No entanto, a medida prejudica diretamente a sociedade catarinense, uma vez que, obedecida a vontade do Palácio, entende a Aprasc. Segundo a entidade, haverá 25% a menos de efetivo em cada turno de trabalho, caso isso ocorra. Em muitas cidades, por conta da redução das horas extras, os quartéis do Corpo de Bombeiros poderão ficar fechados por algumas horas, deixando a população desprovida de atendimento em casos de urgência e emergência. Mesmo nas grandes cidades, haverá menos efetivo de serviço.
De acordo com o vice-presidente da Aprasc, região Norte, Elisando Lotin de Souza, mudar as escalas dos bombeiros militares é deixar a sociedade ainda mais desprotegida.

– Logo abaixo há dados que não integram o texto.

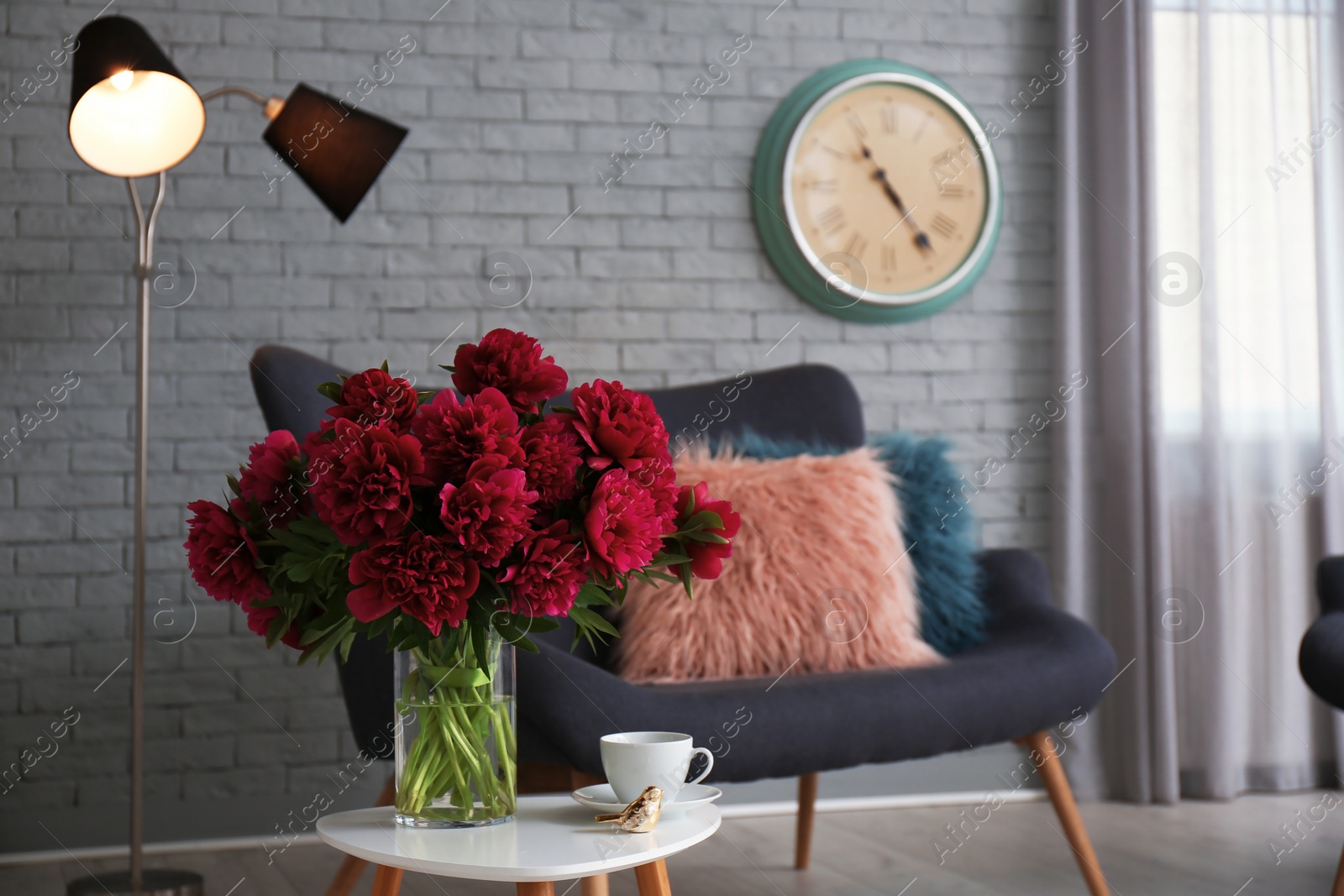 Photo of Elegant living room interior with comfortable sofa and beautiful flowers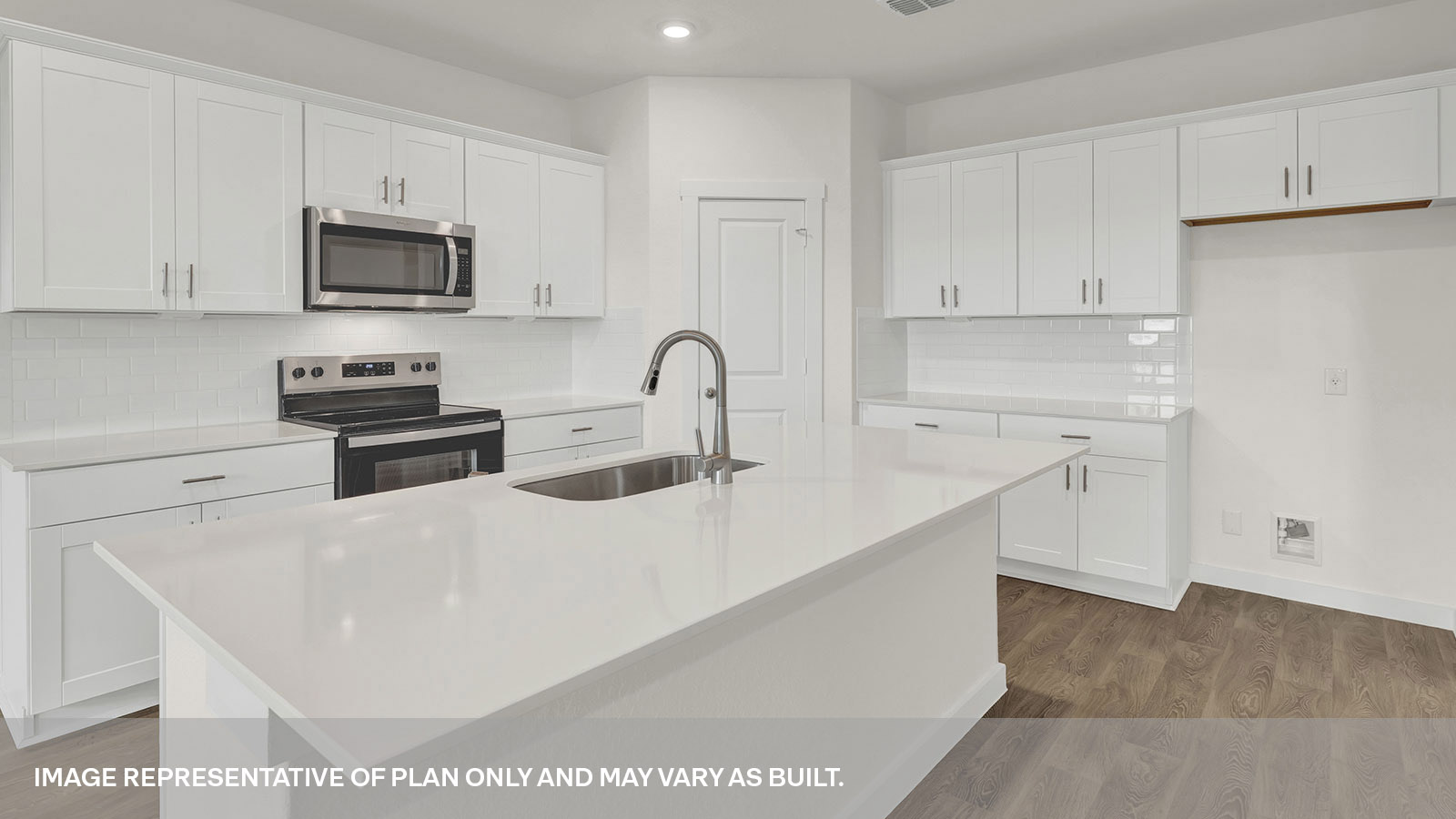 Kitchen with kitchen island and white cabinets.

A Aprasc entende que o governo do estado pode, e deve conter gastos públicos, mas que comece fazendo por serviços não essenciais, como nas funções administrativas, na redução do número de secretariais regionais, por exemplo. "Cortar recursos numa área tão sensível quanto à defesa da sociedade é uma atitude de irresponsabilidade política e social", entende a entidade.
O pedido de exoneração feito pelo coronel Masnik é motivado por sua posição em defesa da instituição que comanda, pelo respeito que tem pelo trabalho de seus subordinados, pelo interesse público e pela segurança da sociedade. A Aprasc defende que a atitude do coronel é digna do cargo que exerce e, portanto, deve permanecer exercendo sua função a frente do comando.